Krzysztof Kosedowski: - To nie jest żaden kryzys. O kryzysie w boksie mogliby mówić Amerykanie, a nie my. Musielibyśmy mieć stale dobrze walczących pięściarzy, którzy obecnie nie radzą sobie w ringu. Trzeba być najpierw potęgą. Musi być pokolenie zdolnych, super ambitnych chłopaków, którzy walczą z silnymi rywalami i dają sobie z nimi radę. Jeśli osiągnie się taki stan i nagle coś przestaje działać, dopiero wtedy możemy mówić o kryzysie. Niestety jest inaczej. Boks amatorski od lat nie istnieje, a w boksie zawodowym nie spisujemy się najlepiej.
SW: Słyszymy cierpkie słowa na temat trenera Adamka.
KK: Roger Bloodworth to trener, który zniszczył Gołotę i zniszczy Adamka. To nie jest ten Adamek, którego chcemy oglądać. Zrobiła się „klucha”. Jest jakiś ospały, jak czołg, nie wykorzystuje atutów, z którymi go kojarzyliśmy. Pojawiają się braki zamiast dalszego rozwoju. To samo oglądaliśmy kiedyś i dotyczyło Gołoty.
KK: Zmiana trenera?
SW: To nie jest takie proste.

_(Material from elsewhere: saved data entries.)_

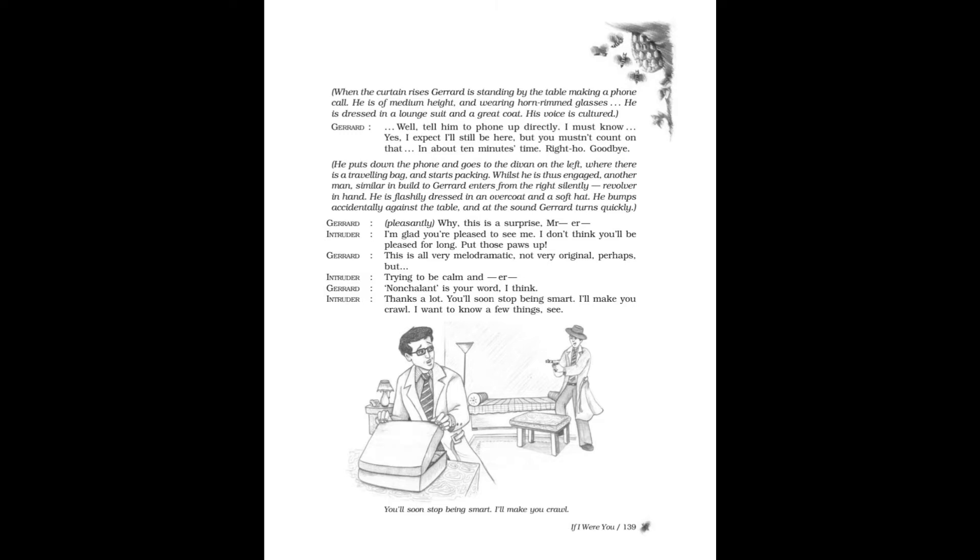He bumps accidentally against the table and at the sound Gerard turns quickly. Gerard pleasantly: Why, this is a surprise, mister! Intruder: I'm glad you're pleased to see me. I don't think you'll be pleased for long. Put those paws up! Gerard: This is all very melodramatic. Intruder: Not very original, perhaps, but—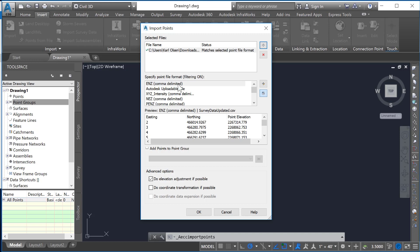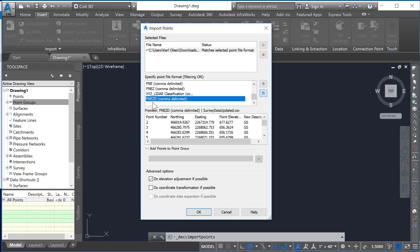Now you'll notice that the next window shows us how it's going to be specified per column. There's something that says ENZ at the top. This is comma delimited. This is Easting, Northing and Elevation or Z. In our case we need PNZD and that's all the way at the bottom. Make sure that your point number comes in here. This has to be a number, Northing, Easting, Elevation and then your raw description. It'll bring in all five of those columns there.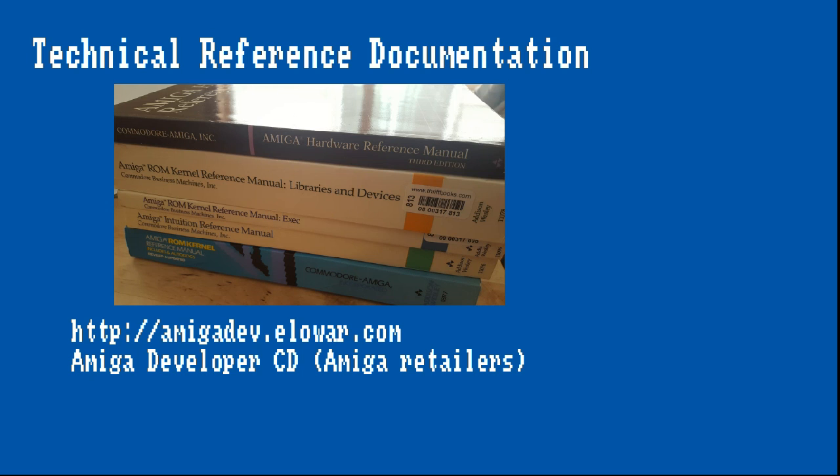Shown in this picture is my personal set of reference manuals, which I have purchased from various online sources over the years. The documentation is also available online or can be purchased in electronic form with the Amiga developer CD from various retailers that carry Amiga related items.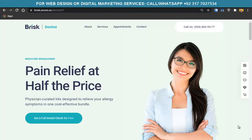Hello guys, this is Khadine Akbar and you're watching Grow with Khadine. In this video I'm going to share with you how you can create a dentist website easily with WordPress and Elementor within 5 to 10 minutes.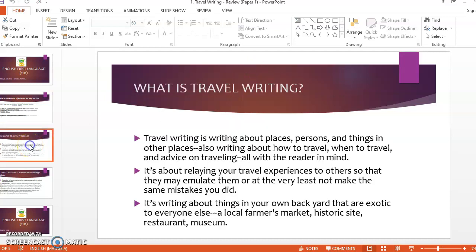So let's get to basically what is travel writing. Travel writing is writing about places, persons and things in other places, also writing about how to travel, when to travel, and advice on traveling — all with the reader in mind. This is 100% engaging with the reader. Basically we are reviewing and giving advice. It is also about relaying your travel experiences to others so that they may emulate them, or at the very least not make the same mistakes you did.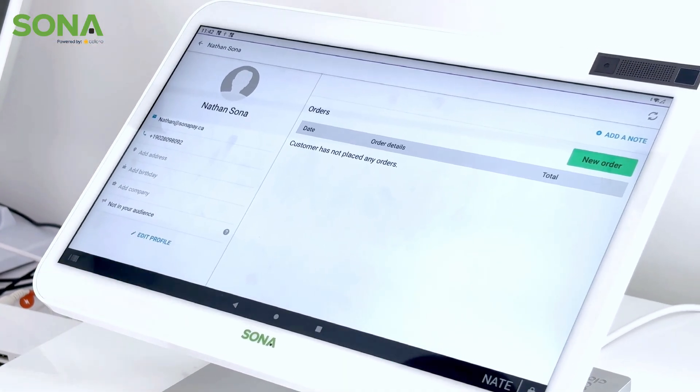Thank you so much for tuning into this week's Tech Tuesday. If you have any questions, don't hesitate to reach out to us at influenceonpay.ca. We look forward to hearing from you.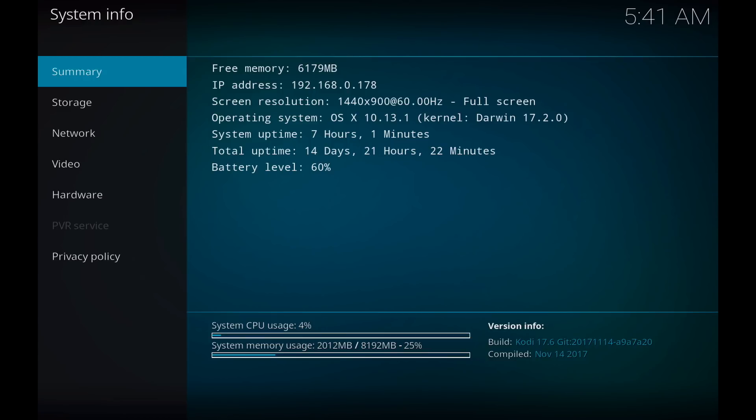What you're going to want to do is you're going to want to use a number a little less than that, because you don't want Kodi, your buffer, to use up all of the RAM memory available to you. You want to leave some for system processes and things like that.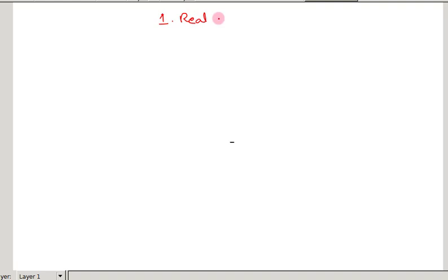Hi students, welcome to JSR Mass Academy. In this video, I would like to explain about the first chapter of class 9, that is real numbers. Before getting to the topic, you should recall what we learned about numbers in the previous classes.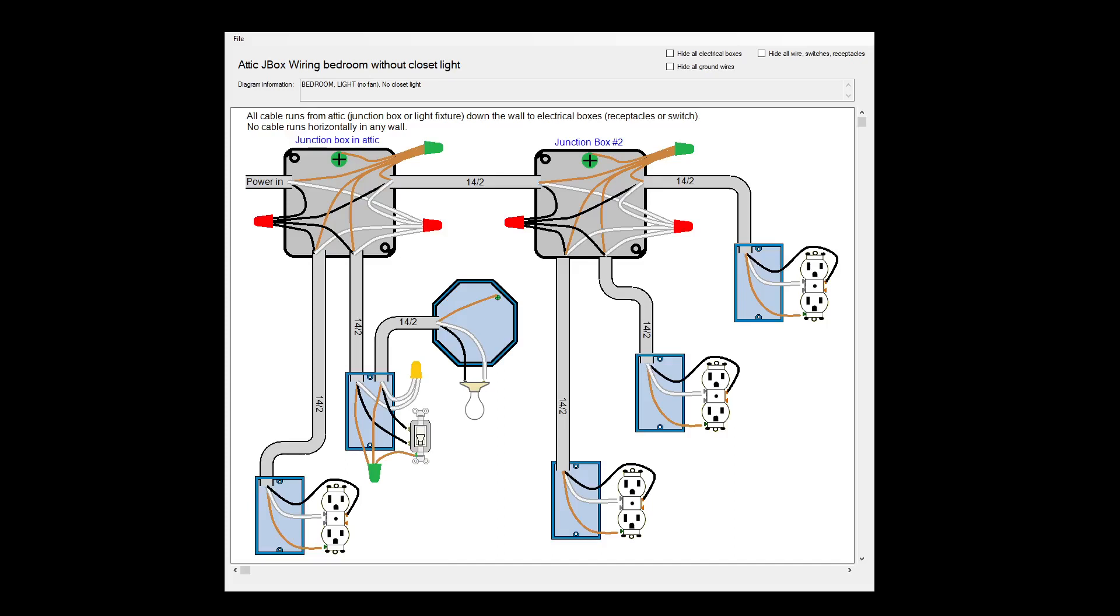Here's a diagram showing how to wire a bedroom using only cable running up in the attic and down the walls. No cable will run horizontally in any wall.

Nie mnie o tym decydować. Uważam, że Krzysztof zdecydowanie lepiej walczył u Andrzeja Gmitruka. Co do tego nie mam wątpliwości. Jest problem. Warto się nad nim pochylić, pomyśleć, czy coś da się zrobić.
SW: Czy są jakieś wschodzące gwiazdy na polskim ringu?

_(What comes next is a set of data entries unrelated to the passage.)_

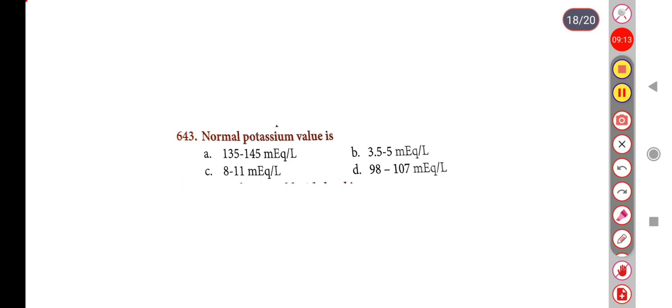Next question. Normal potassium value is — Option A: 135–145 mEq/litre, Option B: 3.5–5 mEq/litre, Option C: 8–11 mEq/litre, Option D: 98–107 mEq/litre. Correct answer is Option B: 3.5–5 mEq/litre.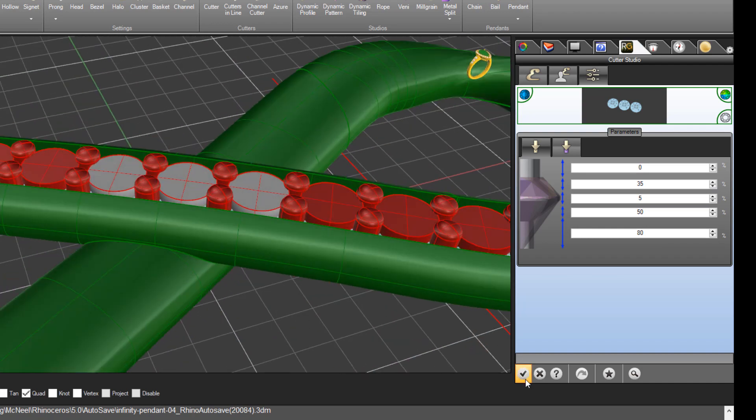So that's it for that. Again, we can click the check or the tick symbol to close that tool.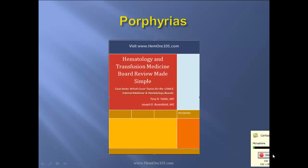Hello, I'm hematologist-oncologist Dr. Tony Talibi, and this lecture pertains to the porphyrias chapter of Hematology and Transfusion Medicine Board Review, Make Simple.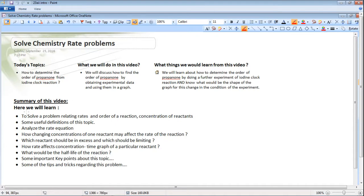Here is the summary of this video. We will learn to solve a problem relating rates and order of reaction and concentration of reactants. Some useful definitions of this topic. How changing concentrations of one reactant may affect the rate of the reaction. Which reactant should be in excess and which should be limiting. How rate affects the concentration-time graph. What would be the half-life of the reaction. Some important key points and tips and tricks regarding this problem.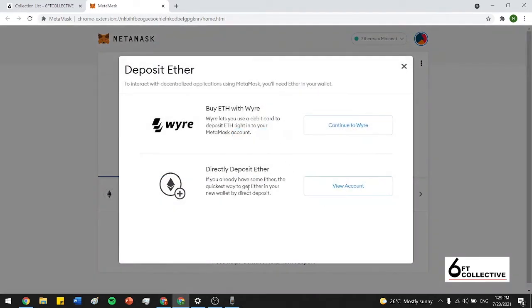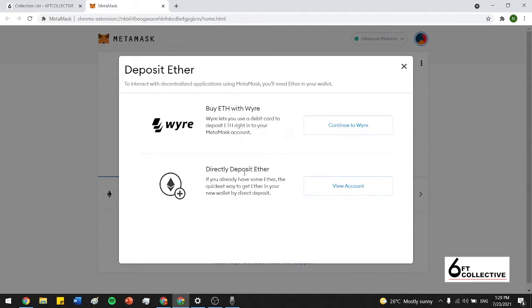It gives you two options. You can either buy Ethereum through the wire widget, which is a secure widget that lets you use your debit card to buy some Ethereum, or you could directly deposit it. If you already have another crypto wallet like Binance or Shakepay or any other crypto wallet, you just send it to your Ethereum address that you can find in a second. I'm just going to press continue to wire for right now.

KK: Trudno powiedzieć. Młodość w boksie to jakieś 20-25 lat. Niektórzy mają smykałkę, mają talent, ale co z tego? Okazuje się, że jak się siedzi w Polsce i boksuje z czwartym czy piętnastym Słowakiem, Węgrem albo Ukraińcem to nie ma szans na prawdziwy krok do przodu i podbój światowych ringów. Trzeba wyjechać i boksować z „kozakami”, a nie europejskimi pięściarzami.
SW: Czyli zagraniczne międzynarodowe gale?

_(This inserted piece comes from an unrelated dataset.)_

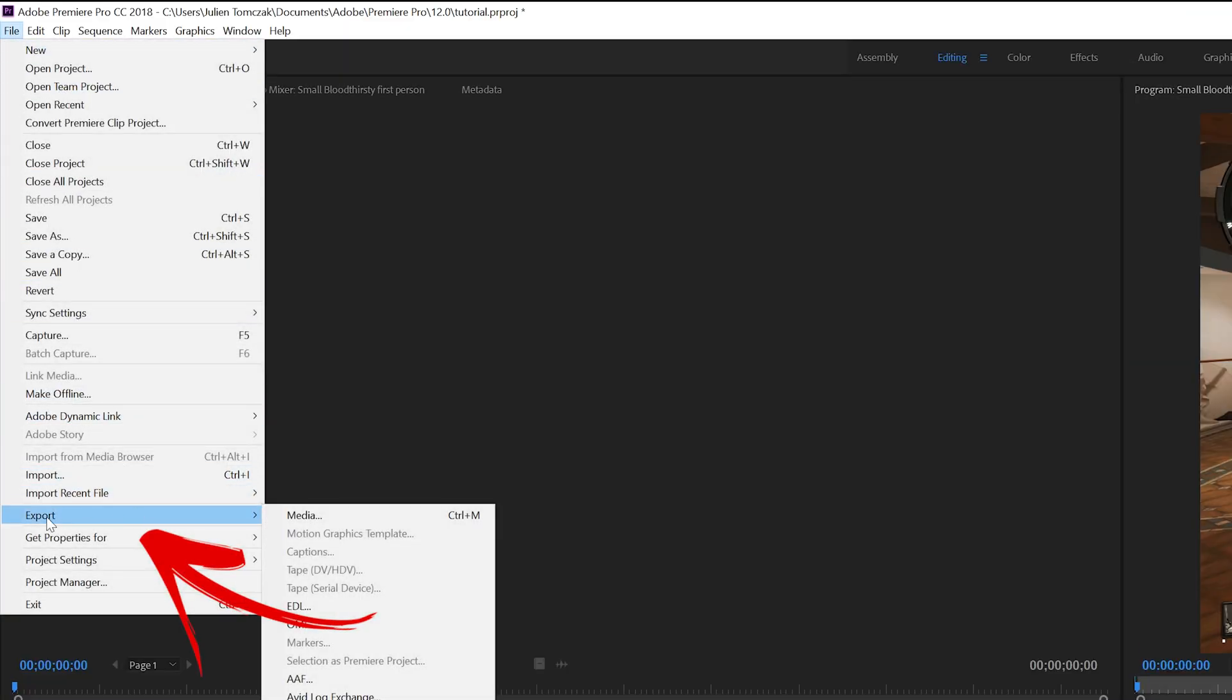After that click on use maximum render quality and make sure that you're exporting the video and the audio so make sure to check mark these boxes right here.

KK: Oczywiście, że tak. Zagraniczne, ale mocno obsadzane. W Polsce przecież też mamy międzynarodowe gale, ale nie przyjeżdżają do nas naprawdę mocni zawodnicy. Nie oszukujmy się – przyjeżdżają do nas dość przeciętni pięściarze. W ten sposób nie wykształci się prawdziwego mistrza. Jest wiele do zrobienia. Kocham boks i życzę tej dyscyplinie jak najlepiej. Jest jednak sporo do zrobienia. Nowy rok za pasem. Życzmy sobie, by był lepszy od obecnego.
SW: Dziękujemy za rozmowę. Spokojnych Świąt Bożego Narodzenia.
KK: Ja również dziękuję. Wszystkiego dobrego na Święta i Nowy Rok.